Author: Steve Sternberg. Source: MediaPost
Once upon a time, there was an ongoing industry debate about whether there was a correlation between program engagement and commercial attentiveness. For every study that indicated people paid more attention to ads during their favorite programs, another study came out that said the more intensely you were viewing your favorite shows, the less attentive you were during commercial breaks.
Since program ratings were the currency of the day, “potential commercial exposure” was the research mantra, and minute-by-minute audience measurement was not readily available, this amounted to little more than an interesting academic debate throughout the 1980s, 1990s, and early 2000s.
Then came the DVR, time-shifted audience measurement, and commercial minute ratings. For the first time, it was easier for viewers to avoid commercials in their favorite shows (the ones they recorded most for later viewing).
At their height, with 90% penetration of U.S. TV homes, VCRs only accounted for about 5% of prime-time rating points. DVRs, on the other hand, typically account for more than half of all viewing to original scripted series, both on broadcast and cable networks.

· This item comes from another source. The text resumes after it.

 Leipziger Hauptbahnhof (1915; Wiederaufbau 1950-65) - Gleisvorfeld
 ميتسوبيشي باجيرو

Most people in the industry don’t even look at live ratings anymore, and they are almost never reported in the press. Even discussions of delayed viewing typically compare those stats to Live + Same Day data. While C3 and sometimes C7 are used for the buying and selling of TV commercial time, these “C” streams of data don’t tell us how many viewers are exposed to the ads.

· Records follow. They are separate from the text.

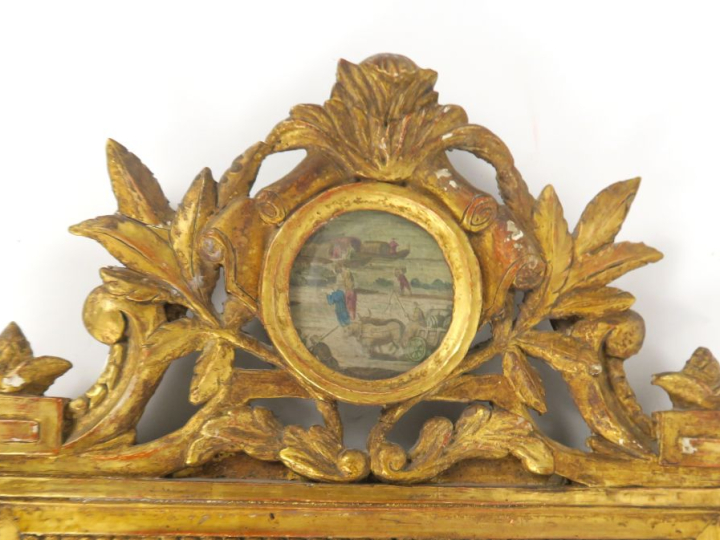 Miroir de style Louis XVI en bois sculpté et doré, à décor de grecques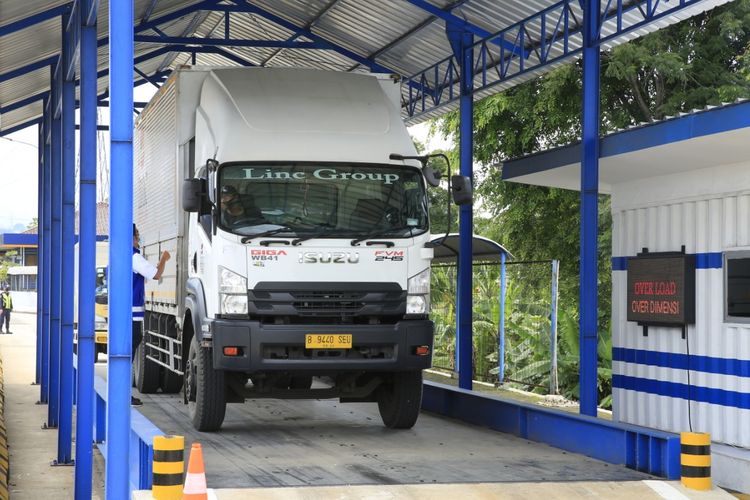 Ilistrasi jembatan timbang truk ODOL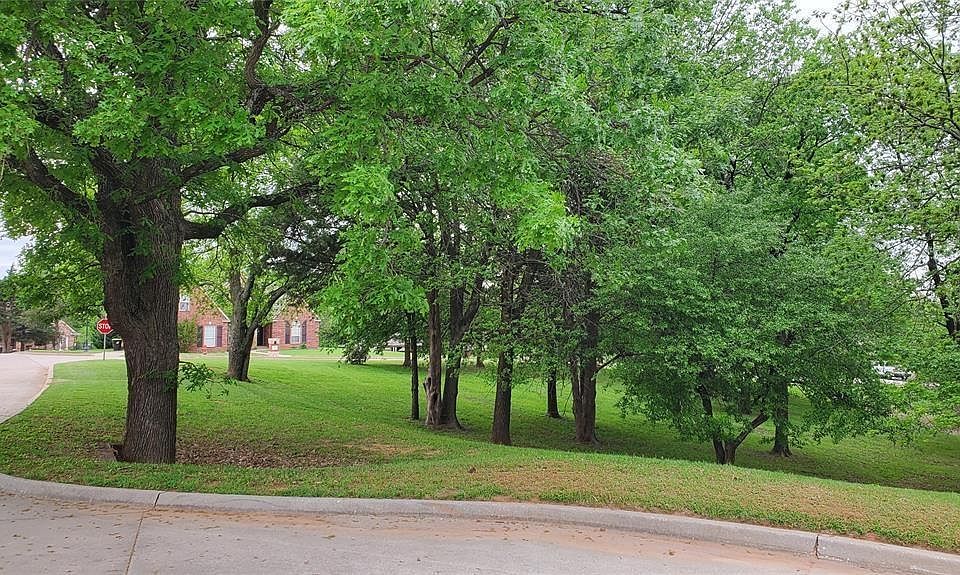 2nd image of Eagles Nest Lot 1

Research should focus on the differences in commercial impact between live and time-shifted viewing. I’ve conducted research showing that brand message recall is about three times higher among live viewers. Given that virtually every study regarding DVRs that I’ve ever seen has shown that about three-quarters of DVR viewers claim to fast-forward though commercials always or often, this 3:1 ratio makes perfect sense.
Since broadcast networks have a much higher percentage of their schedules as original scripted series, they track significantly more DVR usage and delayed viewing. During the Q4 2016, for example, the percentage of prime-time live viewing among adults 18-49 ranged from 74% for CW to 84% for NBC.

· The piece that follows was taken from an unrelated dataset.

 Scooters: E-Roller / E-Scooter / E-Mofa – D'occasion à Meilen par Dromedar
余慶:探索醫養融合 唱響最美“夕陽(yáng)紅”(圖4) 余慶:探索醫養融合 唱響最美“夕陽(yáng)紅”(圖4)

For the most part, broadcast networks are so much higher-rated than cable networks, that it isn’t particularly relevant to compare them in terms of live viewing. It has more relevance when comparing cable networks to one another (since only three- or four-tenths of a rating point separates the top 40 rated cable entertainment networks in prime time).
Networks that air mostly off-network series, namely Nick-at-Nite, ION, Adult Swim, and TV Land, lead the way in live viewing, with 95% or more of their prime-time viewing among adults 18-49 and 25-54 being live. BET, FXX, Freeform, TBS, Animal Planet, TNT, HGTV, and TruTV have more than 90% of their prime-time audiences live.
Nielsen now releases extensive data for days eight to 35 after the initial broadcast. I had a chance to glimpse some broadcast network data for a week in December. While obviously not representative of the full season, it does provide a snapshot. For regularly scheduled prime-time series, about 15% had a lift beyond seven days of 10%-14%, and 55% had a lift of 5%-9%. That’s significant. Roughly 30% had a lift of less than 5%. I did not see data for cable networks, but I have little doubt that most original scripted cable series likely demonstrate lifts of more than 5%.
The bottom line here is that as everyone is so focused on viewing to other screens, it’s easy to lose sight of the fact that there’s still more traditional TV viewing on in-home television set than on all other screens combined. More and more viewing is not done live, particularly in prime time.
While we continue to see industry research into whether or not advertising works (hint, it does), whether or not advertising on multiple platforms increases sales (hint, it does), there is virtually nothing on the impact of live versus DVR or other types of delayed viewing. It’s not hard to do. I’d love to see something on this come from the Advertising Research Foundation, the Coalition for Innovative Media Measurement, or the Council for Research Excellence.